- Born: Minsk, Belarusian SSR, Soviet Union (present-day Belarus)
- Education: Belarusian State University of Physical Training
- Occupation: Personal trainer

= Pavel Tsatsouline =

Belarusian fitness instructor

Pavel Tsatsouline (Note: Павел Цацулін, polonized: Paveł Caculin) is a Belarusian-born fitness instructor. He has introduced Spetsnaz training techniques from the former Soviet Union to US Navy SEALs, Marines and Army Special Forces, and shortly thereafter to the American public. He is also the Chairman of StrongFirst, Inc, a fitness education training company.

Tsatsouline is particularly notable for popularizing the kettlebell in the modern era in the West, most notably through his books and through a series of instructional videos, delivered with his trademark humor, comically exploiting Russian stereotypes with a thick accent, a dungeon-esque setting, and frequent use of the word "comrade". Vic Sussman among others praised Tsatsouline's videos because their power as training tools in part stemmed from the emphasis on kettlebells as fun. Pavel's strength training exercises were solely focused on practical strength and mobility. For him bigger did not always mean stronger.

He holds a degree in Sports Science from the Physical Culture Institute in Minsk. He is involved with the evolving field of martial arts fitness, specifically Brazilian jiu-jitsu and grappling, and is a proponent of the kettlebell as an exercise and strengthening tool. In 1998, Tsatsouline became a kettlebell instructor in the United States.

Tsatsouline claims to have been a PT drill instructor for Spetsnaz, the elite Soviet special forces unit, during the late 1980s (when Tsatsouline was in his teenage years).
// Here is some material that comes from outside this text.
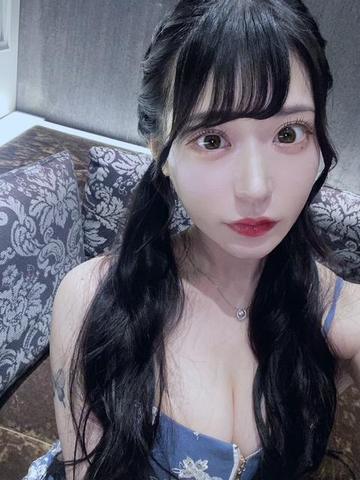 つばき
In 2001, Tsatsouline was voted a "Hot Trainer" by Rolling Stone, pictured with a kettlebell in hand. He was considered the father of the kettlebell and popularized the usage of kettlebell exercise to increase strength. He has published articles in Milo magazine and Performance Press, as well as being the author of several books on stretching and strength training (see Bibliography).

In 2012, Pavel left the RKC and formed a new company, StrongFirst.

==Selected bibliography==

Publications that were (and remain) important to the normalization of kettlebell and other spetsnaz strength training techniques being adopted into American Gym culture are listed below:

- Power to the People!: Russian Strength Training Secrets for Every American (2000). ISBN 0-938045-19-9.
- Bullet-Proof Abs (2000). ISBN 0-938045-25-3.
- The Russian Kettlebell Challenge (2001). ISBN 0-938045-32-6.
- Relax into Stretch: Instant Flexibility Through Mastering Muscle Tension (2001). ISBN 0-938045-28-8.
- From Russia with Tough Love: Pavel's Kettlebell Workout for a Femme Fatale (2002). ISBN 0-938045-43-1.
- The Naked Warrior (2003). ISBN 0-938045-55-5.
- Beyond Bodybuilding (2005). ISBN 0-938045-66-0.
- Enter the Kettlebell (2006). ISBN 0-938045-69-5.
- Return of the Kettlebell: Explosive Kettlebell Training for Explosive Muscle Gains (2010). ISBN 978-0-938045-06-9.
- Super Joints: Russian Longevity Secrets for Pain-Free Movement (2011). ISBN 978-0938045366.
- Hardstyle Abs (2012). ISBN 0-938045-50-4.
- Kettlebell Simple and Sinister (2013). ISBN 0-989892-40-9.
- The Quick and the Dead (2019). ISBN 978-0-9898924-2-1.
- Kettlebell Axe (2023). ISBN 978-0989892452.